WHAT TO WORK ON - When you reach the line containing "Neutral asian young-adult" in the data below, begin returning lines exactly as written, and stop once the line containing "free man express freedom on" has been returned.

STUDY MATERIAL -
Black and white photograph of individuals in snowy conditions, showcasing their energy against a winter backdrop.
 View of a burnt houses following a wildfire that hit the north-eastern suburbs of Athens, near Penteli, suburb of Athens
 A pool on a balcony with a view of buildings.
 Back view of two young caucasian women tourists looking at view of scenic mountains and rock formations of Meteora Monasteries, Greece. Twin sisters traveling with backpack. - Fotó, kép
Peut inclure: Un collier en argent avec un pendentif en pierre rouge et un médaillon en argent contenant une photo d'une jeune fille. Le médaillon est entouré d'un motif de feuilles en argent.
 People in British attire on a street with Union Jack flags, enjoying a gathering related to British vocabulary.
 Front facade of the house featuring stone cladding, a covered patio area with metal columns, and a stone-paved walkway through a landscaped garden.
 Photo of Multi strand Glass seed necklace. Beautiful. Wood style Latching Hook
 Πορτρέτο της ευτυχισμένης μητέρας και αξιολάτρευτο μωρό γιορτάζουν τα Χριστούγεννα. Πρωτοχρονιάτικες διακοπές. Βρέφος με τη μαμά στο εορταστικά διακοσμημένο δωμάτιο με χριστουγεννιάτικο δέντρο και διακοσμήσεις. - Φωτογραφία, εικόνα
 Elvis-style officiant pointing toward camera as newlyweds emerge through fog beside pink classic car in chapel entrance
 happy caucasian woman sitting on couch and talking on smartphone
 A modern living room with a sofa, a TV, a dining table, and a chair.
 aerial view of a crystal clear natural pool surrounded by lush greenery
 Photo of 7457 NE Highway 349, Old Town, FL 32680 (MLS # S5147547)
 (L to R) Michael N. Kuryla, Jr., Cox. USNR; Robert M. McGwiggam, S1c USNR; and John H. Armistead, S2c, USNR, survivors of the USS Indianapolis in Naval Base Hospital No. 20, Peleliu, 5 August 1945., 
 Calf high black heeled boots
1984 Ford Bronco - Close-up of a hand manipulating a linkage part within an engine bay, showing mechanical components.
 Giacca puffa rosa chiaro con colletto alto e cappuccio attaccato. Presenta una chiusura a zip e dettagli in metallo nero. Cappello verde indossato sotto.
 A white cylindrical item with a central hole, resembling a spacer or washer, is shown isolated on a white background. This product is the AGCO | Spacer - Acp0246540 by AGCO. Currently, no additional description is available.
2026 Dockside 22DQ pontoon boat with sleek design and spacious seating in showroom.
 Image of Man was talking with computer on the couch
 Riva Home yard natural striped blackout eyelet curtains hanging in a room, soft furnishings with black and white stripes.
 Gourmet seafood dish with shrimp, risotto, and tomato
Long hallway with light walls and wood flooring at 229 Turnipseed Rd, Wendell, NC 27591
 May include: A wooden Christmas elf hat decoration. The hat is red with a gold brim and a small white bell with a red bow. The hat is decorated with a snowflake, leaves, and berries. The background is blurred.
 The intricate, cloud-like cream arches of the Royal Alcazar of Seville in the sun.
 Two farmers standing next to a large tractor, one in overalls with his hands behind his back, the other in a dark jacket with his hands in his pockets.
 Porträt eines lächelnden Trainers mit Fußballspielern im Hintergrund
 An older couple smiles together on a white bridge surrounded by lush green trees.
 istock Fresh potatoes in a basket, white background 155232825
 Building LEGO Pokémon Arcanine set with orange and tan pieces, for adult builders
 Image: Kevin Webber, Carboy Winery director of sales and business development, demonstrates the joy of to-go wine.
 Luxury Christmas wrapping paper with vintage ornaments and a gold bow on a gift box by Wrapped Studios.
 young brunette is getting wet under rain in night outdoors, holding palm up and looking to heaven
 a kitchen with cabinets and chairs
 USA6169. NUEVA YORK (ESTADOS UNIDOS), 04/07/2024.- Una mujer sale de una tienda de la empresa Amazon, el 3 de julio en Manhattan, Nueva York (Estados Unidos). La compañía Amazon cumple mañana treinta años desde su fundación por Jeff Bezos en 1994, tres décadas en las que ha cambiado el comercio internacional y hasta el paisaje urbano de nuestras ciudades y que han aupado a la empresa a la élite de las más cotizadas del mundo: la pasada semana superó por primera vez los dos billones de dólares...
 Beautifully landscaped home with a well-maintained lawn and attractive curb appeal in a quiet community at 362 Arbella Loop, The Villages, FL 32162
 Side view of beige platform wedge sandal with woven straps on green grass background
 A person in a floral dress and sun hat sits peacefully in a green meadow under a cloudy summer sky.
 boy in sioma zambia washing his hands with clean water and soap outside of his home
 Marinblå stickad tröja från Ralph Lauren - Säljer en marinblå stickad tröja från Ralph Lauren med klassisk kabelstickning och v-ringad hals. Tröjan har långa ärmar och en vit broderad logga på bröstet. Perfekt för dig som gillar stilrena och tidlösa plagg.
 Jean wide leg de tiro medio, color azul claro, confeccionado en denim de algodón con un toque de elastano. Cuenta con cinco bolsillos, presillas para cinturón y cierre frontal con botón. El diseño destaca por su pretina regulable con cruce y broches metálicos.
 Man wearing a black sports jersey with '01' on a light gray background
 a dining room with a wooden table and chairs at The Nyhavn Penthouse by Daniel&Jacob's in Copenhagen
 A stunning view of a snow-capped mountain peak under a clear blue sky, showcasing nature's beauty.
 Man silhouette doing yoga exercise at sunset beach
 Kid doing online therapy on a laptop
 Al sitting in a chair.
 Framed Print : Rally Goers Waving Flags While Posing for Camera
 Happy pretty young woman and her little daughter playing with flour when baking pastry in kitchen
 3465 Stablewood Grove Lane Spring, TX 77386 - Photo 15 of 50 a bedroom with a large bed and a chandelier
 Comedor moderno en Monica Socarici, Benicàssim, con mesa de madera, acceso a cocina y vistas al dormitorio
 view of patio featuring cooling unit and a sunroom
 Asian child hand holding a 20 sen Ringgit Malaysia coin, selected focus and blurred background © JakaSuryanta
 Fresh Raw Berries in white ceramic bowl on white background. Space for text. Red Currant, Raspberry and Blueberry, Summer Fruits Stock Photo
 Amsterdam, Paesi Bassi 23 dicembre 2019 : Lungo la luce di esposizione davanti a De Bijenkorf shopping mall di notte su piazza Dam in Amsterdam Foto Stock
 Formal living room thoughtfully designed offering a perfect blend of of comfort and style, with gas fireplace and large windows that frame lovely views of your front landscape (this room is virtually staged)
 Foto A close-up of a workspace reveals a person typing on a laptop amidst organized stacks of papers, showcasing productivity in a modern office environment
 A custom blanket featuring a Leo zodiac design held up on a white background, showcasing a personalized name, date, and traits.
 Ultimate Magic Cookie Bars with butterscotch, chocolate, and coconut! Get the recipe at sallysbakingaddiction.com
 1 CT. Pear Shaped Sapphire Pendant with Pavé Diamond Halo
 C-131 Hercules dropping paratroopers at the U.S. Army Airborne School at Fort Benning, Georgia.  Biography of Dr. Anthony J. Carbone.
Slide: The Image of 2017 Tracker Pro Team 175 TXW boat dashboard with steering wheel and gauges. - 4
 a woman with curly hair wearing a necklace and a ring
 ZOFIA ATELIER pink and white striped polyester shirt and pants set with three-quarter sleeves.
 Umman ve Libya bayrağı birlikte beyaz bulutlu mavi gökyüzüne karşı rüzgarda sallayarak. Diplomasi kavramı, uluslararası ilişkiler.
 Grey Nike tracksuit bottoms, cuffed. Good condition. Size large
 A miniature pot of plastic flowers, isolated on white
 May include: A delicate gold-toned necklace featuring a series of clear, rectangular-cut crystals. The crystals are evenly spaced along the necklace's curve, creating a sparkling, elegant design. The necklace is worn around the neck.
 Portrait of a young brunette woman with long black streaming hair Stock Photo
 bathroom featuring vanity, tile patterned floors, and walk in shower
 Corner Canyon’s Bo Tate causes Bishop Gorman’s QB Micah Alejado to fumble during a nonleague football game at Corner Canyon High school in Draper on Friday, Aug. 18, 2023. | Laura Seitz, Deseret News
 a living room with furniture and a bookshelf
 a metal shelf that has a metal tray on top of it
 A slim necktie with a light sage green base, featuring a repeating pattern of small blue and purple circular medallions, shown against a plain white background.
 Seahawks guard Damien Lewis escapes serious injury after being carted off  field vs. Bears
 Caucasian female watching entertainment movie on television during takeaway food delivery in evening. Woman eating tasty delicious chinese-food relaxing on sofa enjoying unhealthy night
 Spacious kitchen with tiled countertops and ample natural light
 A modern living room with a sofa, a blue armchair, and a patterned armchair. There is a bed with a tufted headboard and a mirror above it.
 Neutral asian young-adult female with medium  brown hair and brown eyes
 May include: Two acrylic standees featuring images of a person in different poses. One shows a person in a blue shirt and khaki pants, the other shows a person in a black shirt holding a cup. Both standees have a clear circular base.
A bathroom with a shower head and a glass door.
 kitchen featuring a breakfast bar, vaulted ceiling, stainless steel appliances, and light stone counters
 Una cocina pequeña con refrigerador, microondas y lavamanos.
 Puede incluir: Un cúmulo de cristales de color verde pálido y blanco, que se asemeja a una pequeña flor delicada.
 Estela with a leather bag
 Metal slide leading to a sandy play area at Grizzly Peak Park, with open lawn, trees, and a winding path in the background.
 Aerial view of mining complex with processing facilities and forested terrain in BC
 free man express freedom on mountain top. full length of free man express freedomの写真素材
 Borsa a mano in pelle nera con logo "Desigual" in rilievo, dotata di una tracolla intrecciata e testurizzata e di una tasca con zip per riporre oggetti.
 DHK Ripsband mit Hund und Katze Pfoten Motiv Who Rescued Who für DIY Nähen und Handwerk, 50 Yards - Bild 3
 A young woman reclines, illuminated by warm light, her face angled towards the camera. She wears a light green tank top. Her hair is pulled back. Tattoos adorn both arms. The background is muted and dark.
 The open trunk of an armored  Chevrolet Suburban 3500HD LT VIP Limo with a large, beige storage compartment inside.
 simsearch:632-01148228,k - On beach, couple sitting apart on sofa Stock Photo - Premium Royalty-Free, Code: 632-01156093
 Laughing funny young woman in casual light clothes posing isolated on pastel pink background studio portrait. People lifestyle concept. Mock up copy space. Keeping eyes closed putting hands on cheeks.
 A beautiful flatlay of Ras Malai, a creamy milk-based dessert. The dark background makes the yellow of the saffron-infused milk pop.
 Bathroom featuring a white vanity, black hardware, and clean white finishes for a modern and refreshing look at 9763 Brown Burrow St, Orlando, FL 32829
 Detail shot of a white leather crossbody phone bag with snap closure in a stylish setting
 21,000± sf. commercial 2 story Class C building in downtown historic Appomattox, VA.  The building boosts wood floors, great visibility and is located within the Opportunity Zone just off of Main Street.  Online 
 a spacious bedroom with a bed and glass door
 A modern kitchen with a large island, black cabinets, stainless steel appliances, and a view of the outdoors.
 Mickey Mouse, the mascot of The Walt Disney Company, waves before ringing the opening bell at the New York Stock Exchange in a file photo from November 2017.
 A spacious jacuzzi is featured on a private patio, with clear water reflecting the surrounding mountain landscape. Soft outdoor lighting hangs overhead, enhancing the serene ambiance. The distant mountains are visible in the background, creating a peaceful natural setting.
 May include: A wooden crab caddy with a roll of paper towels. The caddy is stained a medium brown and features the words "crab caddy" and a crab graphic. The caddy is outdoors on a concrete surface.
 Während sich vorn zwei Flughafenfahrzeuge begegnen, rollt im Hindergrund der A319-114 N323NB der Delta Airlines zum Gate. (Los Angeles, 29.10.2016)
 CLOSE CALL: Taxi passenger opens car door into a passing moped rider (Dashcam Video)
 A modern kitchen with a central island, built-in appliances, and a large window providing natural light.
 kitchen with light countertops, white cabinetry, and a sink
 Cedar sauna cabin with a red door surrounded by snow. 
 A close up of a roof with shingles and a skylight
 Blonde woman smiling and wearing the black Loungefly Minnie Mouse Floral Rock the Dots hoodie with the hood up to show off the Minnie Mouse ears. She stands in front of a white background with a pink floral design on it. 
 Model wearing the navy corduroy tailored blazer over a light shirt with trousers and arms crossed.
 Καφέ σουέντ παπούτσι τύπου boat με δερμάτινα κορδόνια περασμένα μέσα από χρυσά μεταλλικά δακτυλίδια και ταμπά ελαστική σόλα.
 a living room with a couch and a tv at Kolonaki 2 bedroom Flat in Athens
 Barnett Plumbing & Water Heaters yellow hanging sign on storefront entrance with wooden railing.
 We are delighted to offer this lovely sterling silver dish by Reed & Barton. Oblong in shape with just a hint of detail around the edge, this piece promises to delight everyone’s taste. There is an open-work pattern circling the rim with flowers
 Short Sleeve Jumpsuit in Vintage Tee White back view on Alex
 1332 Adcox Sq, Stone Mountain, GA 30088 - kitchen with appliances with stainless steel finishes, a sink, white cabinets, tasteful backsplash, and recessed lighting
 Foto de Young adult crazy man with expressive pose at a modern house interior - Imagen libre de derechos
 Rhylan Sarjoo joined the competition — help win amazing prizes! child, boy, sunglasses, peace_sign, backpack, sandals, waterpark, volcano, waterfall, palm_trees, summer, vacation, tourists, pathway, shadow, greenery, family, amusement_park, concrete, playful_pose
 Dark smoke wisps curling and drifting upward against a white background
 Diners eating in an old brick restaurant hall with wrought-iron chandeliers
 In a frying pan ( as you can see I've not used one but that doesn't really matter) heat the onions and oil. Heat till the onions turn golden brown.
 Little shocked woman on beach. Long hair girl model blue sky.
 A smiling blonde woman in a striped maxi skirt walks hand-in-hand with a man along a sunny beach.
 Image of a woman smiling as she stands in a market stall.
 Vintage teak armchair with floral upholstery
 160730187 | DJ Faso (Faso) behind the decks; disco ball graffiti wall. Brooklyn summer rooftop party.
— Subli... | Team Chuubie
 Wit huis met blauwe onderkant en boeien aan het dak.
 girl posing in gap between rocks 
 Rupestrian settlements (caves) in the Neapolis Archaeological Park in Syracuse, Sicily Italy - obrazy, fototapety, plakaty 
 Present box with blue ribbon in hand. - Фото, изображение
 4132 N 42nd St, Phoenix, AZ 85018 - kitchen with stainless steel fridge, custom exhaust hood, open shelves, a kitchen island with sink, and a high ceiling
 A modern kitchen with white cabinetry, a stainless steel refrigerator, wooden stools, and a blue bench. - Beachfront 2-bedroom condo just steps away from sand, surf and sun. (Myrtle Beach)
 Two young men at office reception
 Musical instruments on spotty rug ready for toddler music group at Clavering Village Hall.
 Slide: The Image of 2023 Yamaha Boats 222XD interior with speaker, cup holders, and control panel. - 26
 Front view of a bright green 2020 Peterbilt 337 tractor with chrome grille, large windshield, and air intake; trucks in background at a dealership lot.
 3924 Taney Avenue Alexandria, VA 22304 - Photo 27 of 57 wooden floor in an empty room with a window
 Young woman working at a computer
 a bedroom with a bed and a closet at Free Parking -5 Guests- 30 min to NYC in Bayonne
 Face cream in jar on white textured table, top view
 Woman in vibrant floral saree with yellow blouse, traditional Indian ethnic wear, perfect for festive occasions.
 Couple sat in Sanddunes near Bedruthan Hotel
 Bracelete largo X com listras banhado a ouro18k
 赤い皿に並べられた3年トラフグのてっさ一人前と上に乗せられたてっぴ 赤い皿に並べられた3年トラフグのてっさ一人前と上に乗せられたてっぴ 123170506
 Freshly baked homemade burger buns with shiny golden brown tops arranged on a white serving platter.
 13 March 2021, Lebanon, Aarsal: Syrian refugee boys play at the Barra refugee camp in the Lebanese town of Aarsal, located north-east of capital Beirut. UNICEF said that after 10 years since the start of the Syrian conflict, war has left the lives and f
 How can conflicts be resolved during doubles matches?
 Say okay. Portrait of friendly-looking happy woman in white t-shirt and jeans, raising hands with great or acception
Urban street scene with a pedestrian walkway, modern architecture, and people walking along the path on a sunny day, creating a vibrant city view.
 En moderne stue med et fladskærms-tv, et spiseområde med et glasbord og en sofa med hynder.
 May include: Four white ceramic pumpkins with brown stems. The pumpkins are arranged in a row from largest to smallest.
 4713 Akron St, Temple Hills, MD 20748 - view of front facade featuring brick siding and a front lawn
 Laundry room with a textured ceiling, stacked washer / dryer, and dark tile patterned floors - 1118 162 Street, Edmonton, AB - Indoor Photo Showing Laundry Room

OUTPUT FOR THIS EXERCISE -
 Neutral asian young-adult female with medium  brown hair and brown eyes
 May include: Two acrylic standees featuring images of a person in different poses. One shows a person in a blue shirt and khaki pants, the other shows a person in a black shirt holding a cup. Both standees have a clear circular base.
A bathroom with a shower head and a glass door.
 kitchen featuring a breakfast bar, vaulted ceiling, stainless steel appliances, and light stone counters
 Una cocina pequeña con refrigerador, microondas y lavamanos.
 Puede incluir: Un cúmulo de cristales de color verde pálido y blanco, que se asemeja a una pequeña flor delicada.
 Estela with a leather bag
 Metal slide leading to a sandy play area at Grizzly Peak Park, with open lawn, trees, and a winding path in the background.
 Aerial view of mining complex with processing facilities and forested terrain in BC
 free man express freedom on mountain top. full length of free man express freedomの写真素材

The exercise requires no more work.